* **ACTIVITY**
Stop at the line containing "Frau, die Notizen auf der couch Stockfoto": write out every line from the beginning of the entries up to and including it, minus the pictures.

* **RECORDS FOR PROCESSING**
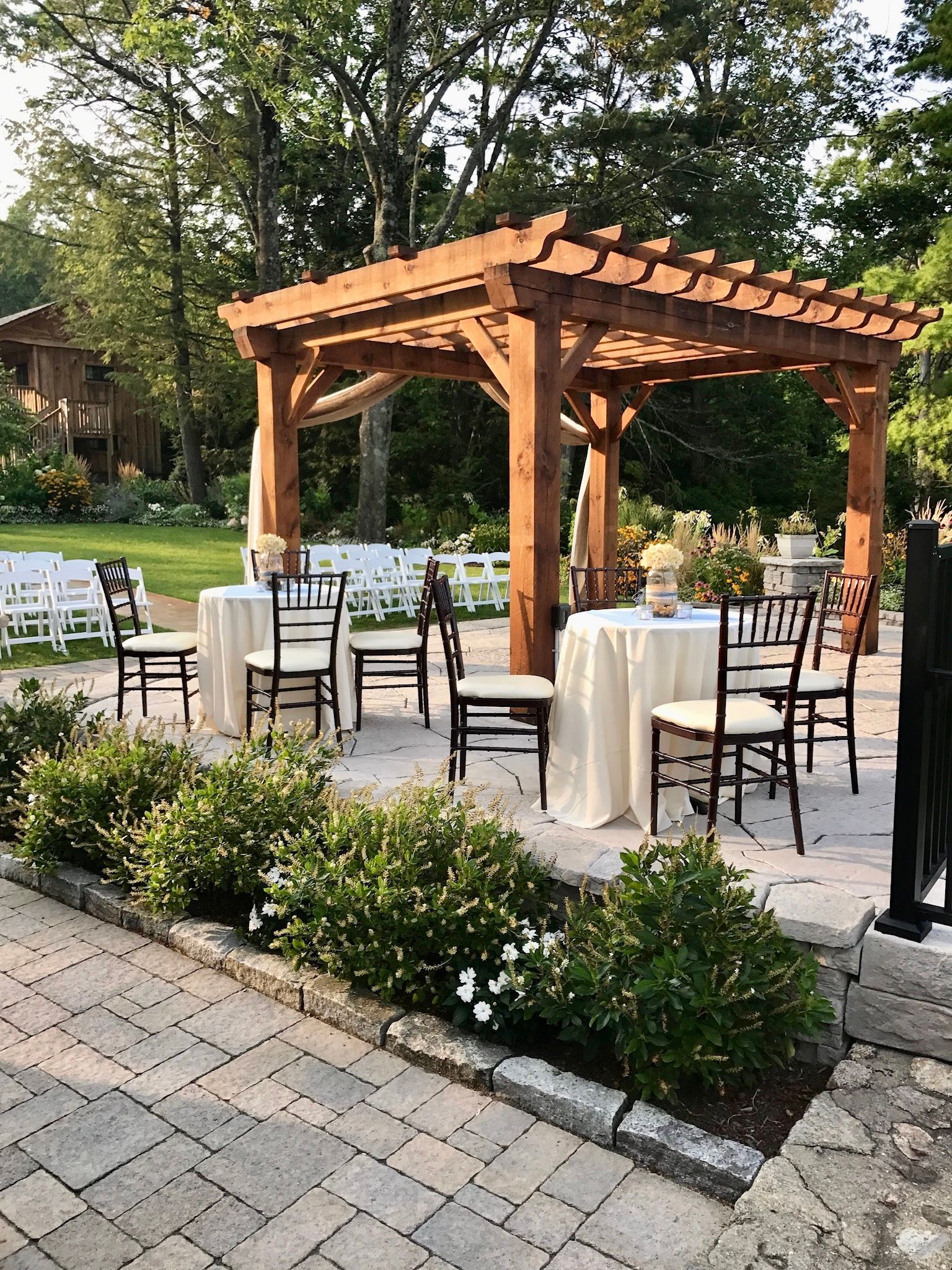 A wooden pergola with tables and chairs underneath it.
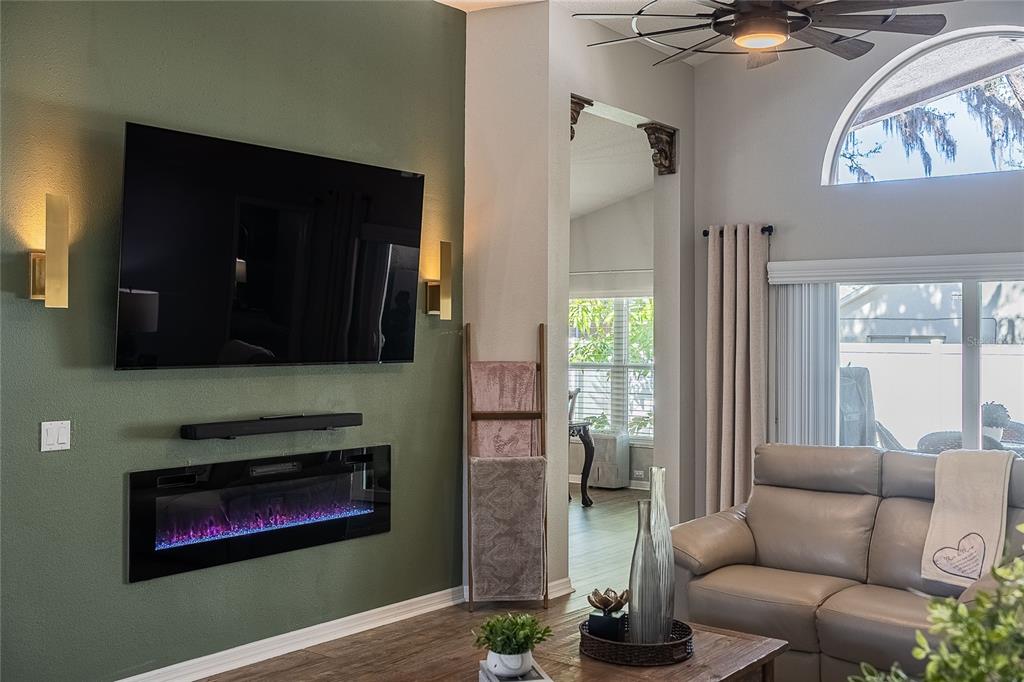 2524 Siena Way Valrico, FL 33596 - Photo 9 of 38 a living room with furniture and a fireplace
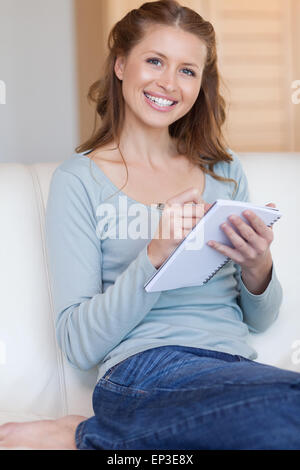 Frau, die Notizen auf der couch Stockfoto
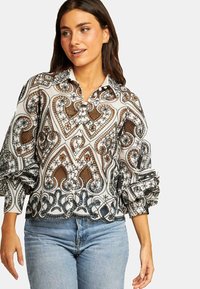 Weiße Bluse mit Muster, die komplexe schwarze und braune Designs zeigt, einen Kragen hat und voluminöse Ärmel mit elastischen Bündchen besitzt. Kombiniert mit blauen Jeans.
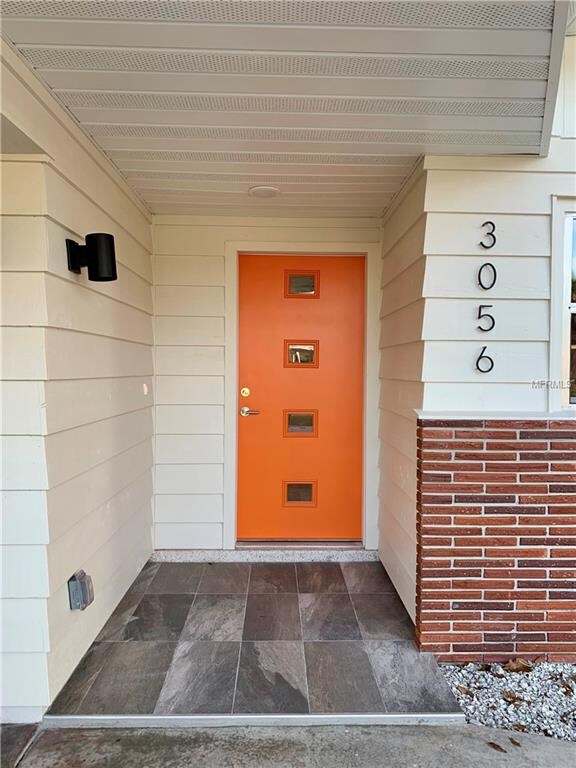 In keeping with its original design this home was fitted with mid century modern inspired doors and lighting.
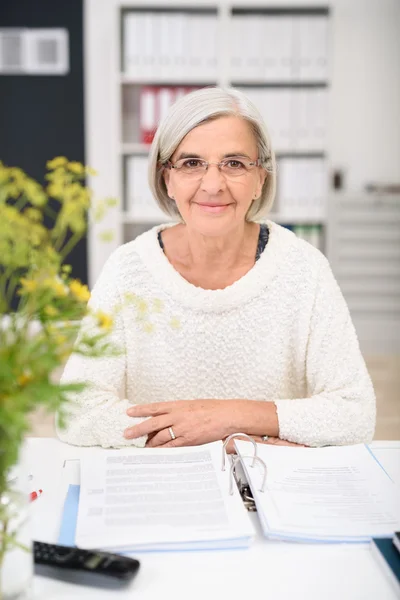 Senior Businesswoman al suo tavolo con documenti — Foto Stock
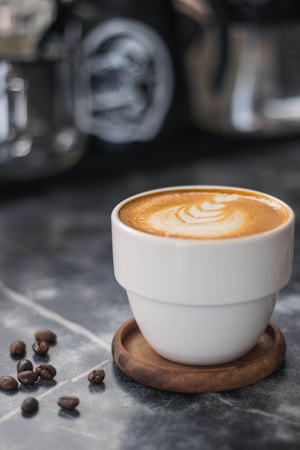 A cup of coffee with latte art on top sits on a wooden coaster. Coffee beans are scattered nearby on a marble surface, providing a rustic and cozy ambiance. In the blurred background, other coffee-making equipment is visible.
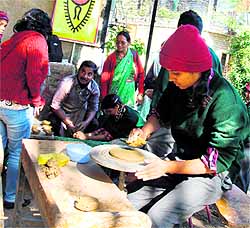 Schoolchildren participate in a workshop on pottery and bamboo art-making organised by SpicMacay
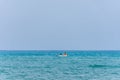 A young man kayaking in the Mediterranean sea.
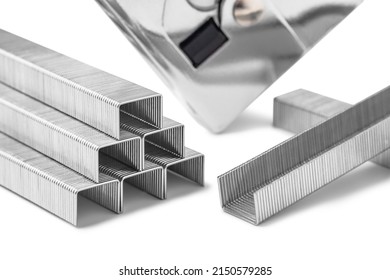Close up of stack of metal staples for stapler gun isolated on white background, selective focus. Industrial tool.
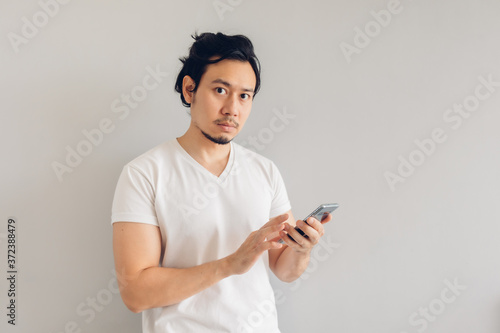 Long hair Asian man in white casual t-shirt is using smartphone. © Sevendeman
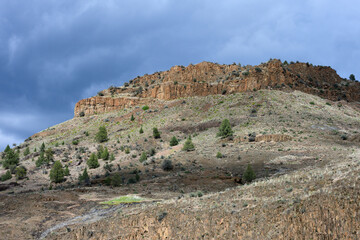 Fototapeta premium Rocky cliffs highlighted by sun on a stormy cloudy day, John Day National and Scenic River landscape from Service Creek campground, as a nature background 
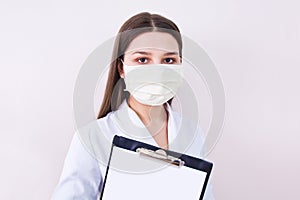 Female doctor wearing protection face mask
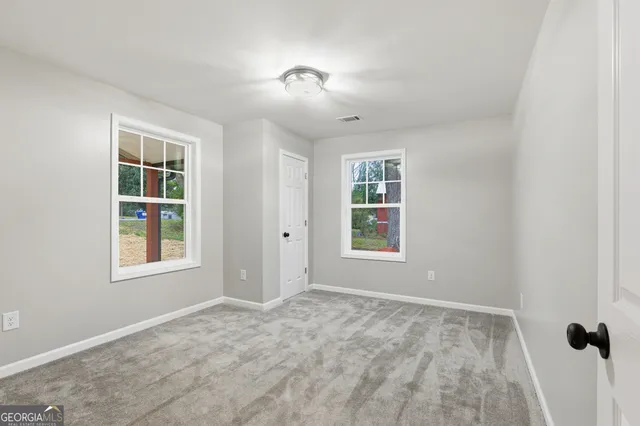 an empty room with windows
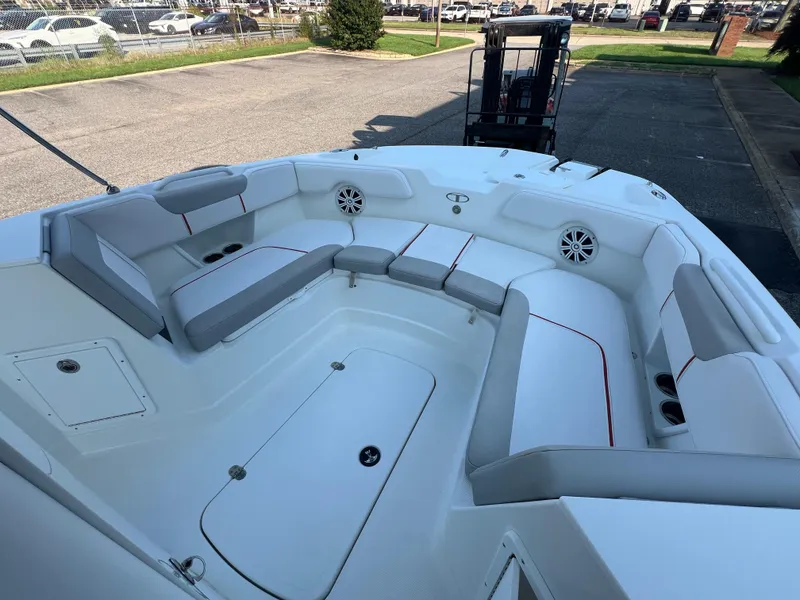 Slide: The Image of 2020 Tahoe 2150 CC boat interior with spacious seating and cup holders. - 13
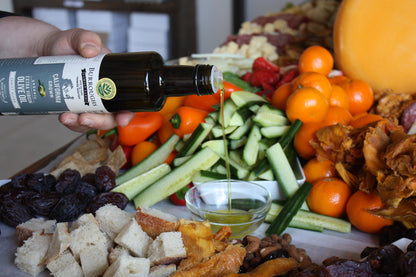 Olive oil being poured over a grazing board of vegetables, bread and fruit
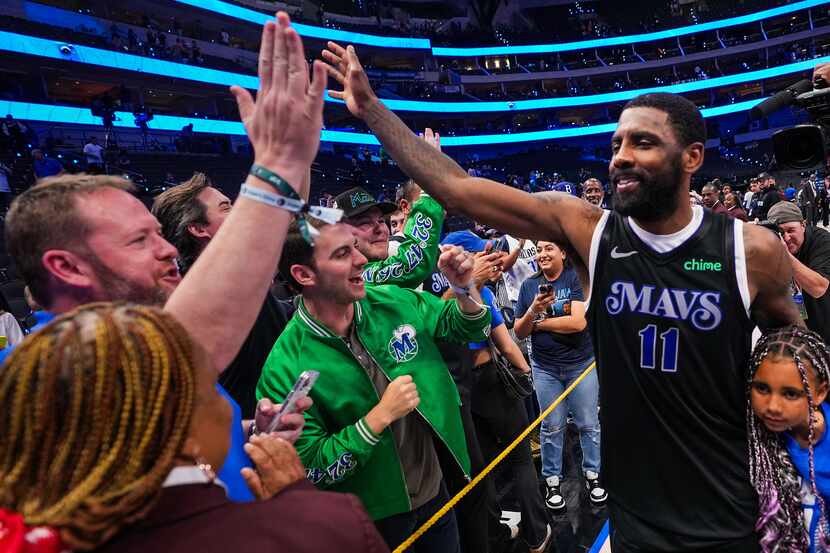 Dallas Mavericks guard Kyrie Irving celebrates with fans as he leaves the court with his...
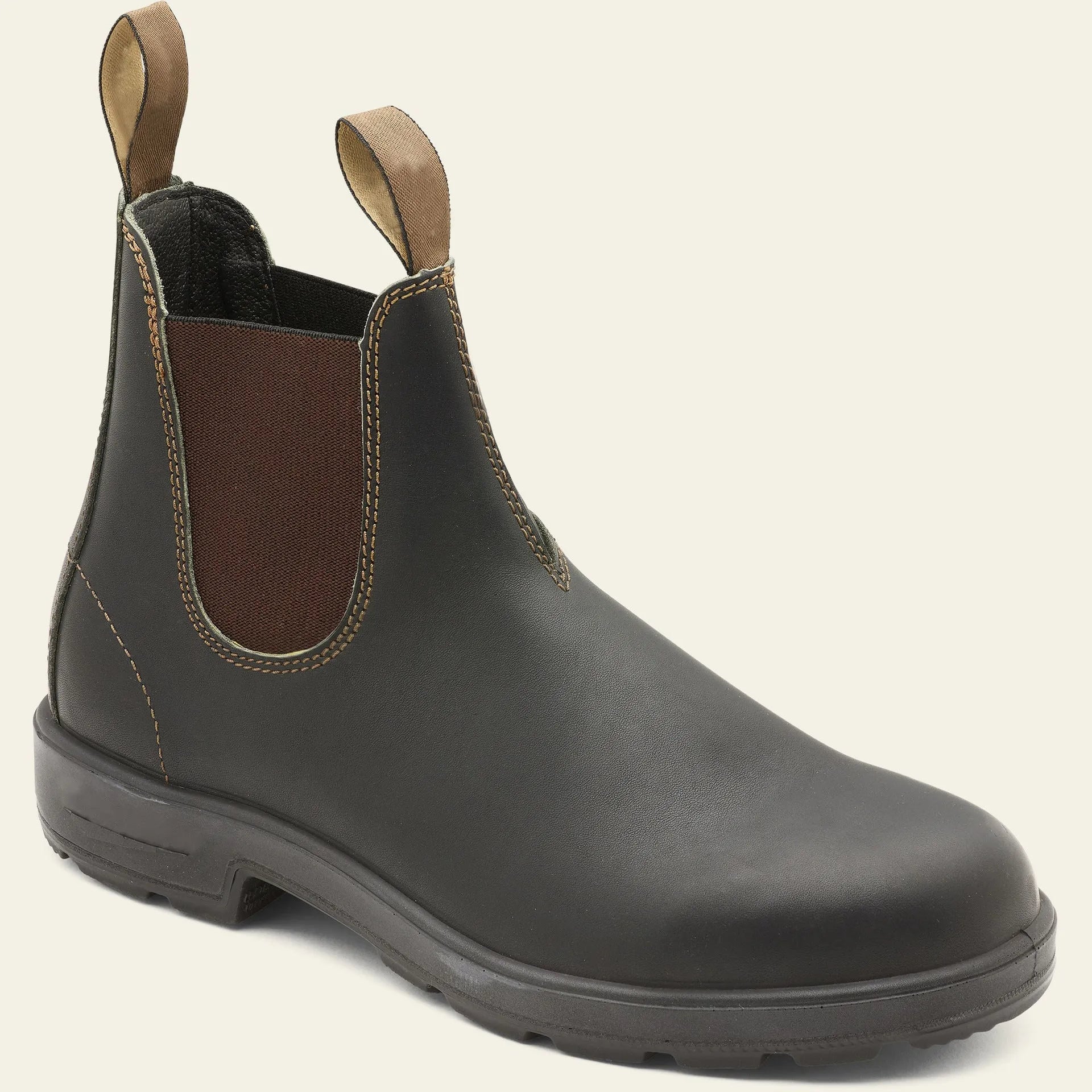 Vintage brown frosted finish Chelsea boots with car suture detailing on a wooden floor.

* **SOLVED EXERCISE**
 A wooden pergola with tables and chairs underneath it.
 2524 Siena Way Valrico, FL 33596 - Photo 9 of 38 a living room with furniture and a fireplace
 Frau, die Notizen auf der couch Stockfoto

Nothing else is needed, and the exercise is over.